(Dataset entries)

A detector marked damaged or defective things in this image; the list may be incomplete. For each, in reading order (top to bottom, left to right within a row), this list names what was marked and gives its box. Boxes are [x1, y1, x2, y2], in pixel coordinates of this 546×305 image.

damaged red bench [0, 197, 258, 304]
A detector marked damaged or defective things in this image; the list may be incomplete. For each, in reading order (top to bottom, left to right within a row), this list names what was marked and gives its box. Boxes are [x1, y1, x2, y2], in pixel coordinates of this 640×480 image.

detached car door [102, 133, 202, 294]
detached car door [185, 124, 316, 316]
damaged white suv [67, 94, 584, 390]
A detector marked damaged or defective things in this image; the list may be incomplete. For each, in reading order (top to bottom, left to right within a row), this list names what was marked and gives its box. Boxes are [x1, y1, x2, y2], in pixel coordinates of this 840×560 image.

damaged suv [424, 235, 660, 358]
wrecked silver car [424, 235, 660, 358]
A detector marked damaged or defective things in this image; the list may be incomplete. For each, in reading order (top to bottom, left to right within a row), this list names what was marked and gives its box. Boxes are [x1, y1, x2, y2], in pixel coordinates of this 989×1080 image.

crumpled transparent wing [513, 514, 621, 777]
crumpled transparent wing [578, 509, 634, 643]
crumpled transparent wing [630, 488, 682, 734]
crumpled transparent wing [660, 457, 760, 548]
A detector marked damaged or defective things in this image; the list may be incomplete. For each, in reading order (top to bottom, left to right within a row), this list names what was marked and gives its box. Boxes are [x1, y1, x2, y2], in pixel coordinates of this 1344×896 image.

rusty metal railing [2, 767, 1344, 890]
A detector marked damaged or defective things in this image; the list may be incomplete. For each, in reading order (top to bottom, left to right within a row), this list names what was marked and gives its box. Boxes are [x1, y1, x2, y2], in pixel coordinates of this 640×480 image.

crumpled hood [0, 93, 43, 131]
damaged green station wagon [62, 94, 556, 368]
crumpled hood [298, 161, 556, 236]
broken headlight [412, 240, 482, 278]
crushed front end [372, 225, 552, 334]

> **Work to be completed**
Extract the entries above verbatim.

> **Completed exercise**
A detector marked damaged or defective things in this image; the list may be incomplete. For each, in reading order (top to bottom, left to right within a row), this list names what was marked and gives its box. Boxes are [x1, y1, x2, y2], in pixel coordinates of this 546×305 image.

damaged red bench [0, 197, 258, 304]
A detector marked damaged or defective things in this image; the list may be incomplete. For each, in reading order (top to bottom, left to right within a row), this list names what was marked and gives its box. Boxes are [x1, y1, x2, y2], in pixel coordinates of this 640×480 image.

detached car door [102, 133, 202, 294]
detached car door [185, 124, 316, 316]
damaged white suv [67, 94, 584, 390]
A detector marked damaged or defective things in this image; the list may be incomplete. For each, in reading order (top to bottom, left to right within a row), this list names what was marked and gives its box. Boxes are [x1, y1, x2, y2], in pixel coordinates of this 840×560 image.

damaged suv [424, 235, 660, 358]
wrecked silver car [424, 235, 660, 358]
A detector marked damaged or defective things in this image; the list may be incomplete. For each, in reading order (top to bottom, left to right within a row), this list names what was marked and gives its box. Boxes are [x1, y1, x2, y2], in pixel coordinates of this 989×1080 image.

crumpled transparent wing [513, 514, 621, 777]
crumpled transparent wing [578, 509, 634, 643]
crumpled transparent wing [630, 488, 682, 734]
crumpled transparent wing [660, 457, 760, 548]
A detector marked damaged or defective things in this image; the list may be incomplete. For each, in reading order (top to bottom, left to right within a row), this list names what was marked and gives its box. Boxes are [x1, y1, x2, y2], in pixel coordinates of this 1344×896 image.

rusty metal railing [2, 767, 1344, 890]
A detector marked damaged or defective things in this image; the list may be incomplete. For each, in reading order (top to bottom, left to right within a row), this list names what was marked and gives its box. Boxes are [x1, y1, x2, y2], in pixel coordinates of this 640×480 image.

crumpled hood [0, 93, 43, 131]
damaged green station wagon [62, 94, 556, 368]
crumpled hood [298, 161, 556, 236]
broken headlight [412, 240, 482, 278]
crushed front end [372, 225, 552, 334]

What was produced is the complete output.